Gersht´s photographs allude to the inherent shadow of death and decay hanging over Old Master Still Life and
vanitas paintings, complete with moths hovering above the explosions.
Technology has aided Gersht in creating contemporary versions of frozen life, bringing the concerns of still life
masters into a contemporary context.
By basing his photographs upon paintings within the long-established art historical tradition of Still Life
painting, Gersht draws attention to the painterly nature of his photographs which closely resemble these
works. Yet they are distanced due to the instantaneous digital process which captures sequences of images at
a rate of 2000 per second and stores the information immaterially as data on a hard drive, until the selected
images are processed, combined together, and scaled up with an AI software, which, analyses the captured
images and recognises details and structures and “completes” the image with its acquired knowledge that it
had obtained in the lab.
This AI software was trained with thousands of images with different resolutions to learn how to distinguish
poorly up-sampled images from high-quality up-sampled images. During this training period the software learn
to recognise certain structures within the image. This information is used later as a reference to complete and
achieve high-quality upscale images.
Gersht is using this software to upscale very small original files into very large photographic prints. In doing so
he pushes the software to its upscaling limits, resulting in images that are fusing the original optical captures
with the digital interpretations of the AI machine. This process allows Gersht to produce hybrid realities where
the boundaries between the material and the virtual worlds are a melting down.
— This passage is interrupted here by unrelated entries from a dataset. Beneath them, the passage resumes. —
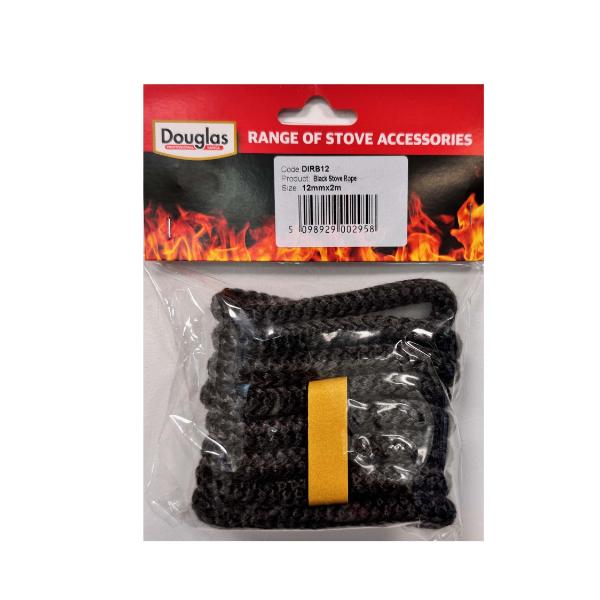 Douglas Black Stove Rope 12mm x 2m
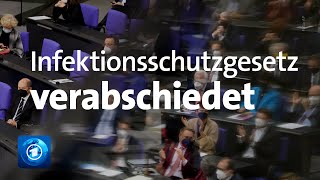 Bundestag beschließt neues Infektionsschutzgesetz [upl. by Gabriele]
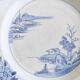 Assiette Chinoise bleu blanc 18e siècle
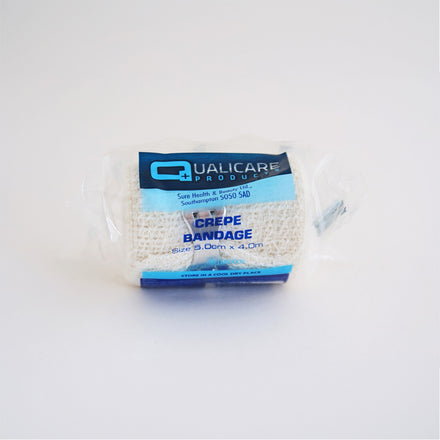 Qualicare Crepe Bandage 5cm x 4m - 10 Pack
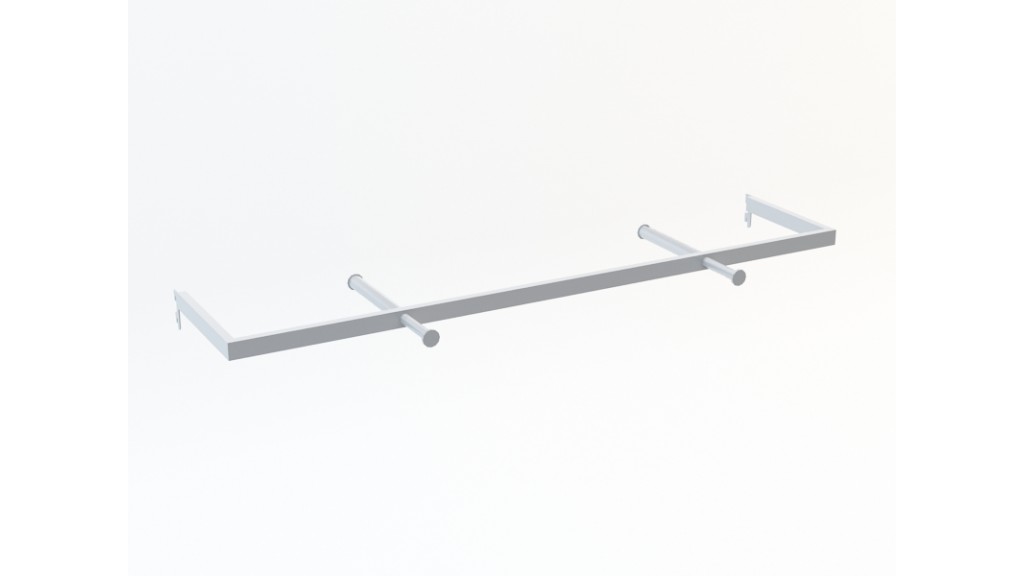 U Type Hanging Arm, 10x40mm, 120cm, Chrome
Flowers, which often symbolise peace, become victims of brutal terror, revealing an uneasy beauty in
destruction. This tension that exists between violence and beauty, destruction and creation, is enhanced by
the collision of the age-old need to capture “reality” and the potential of photography to question what that
actually means. The authority of photography in relation to objective truth has been shattered, but new
possibilities to experience reality in a more complex and challenging manner have arisen.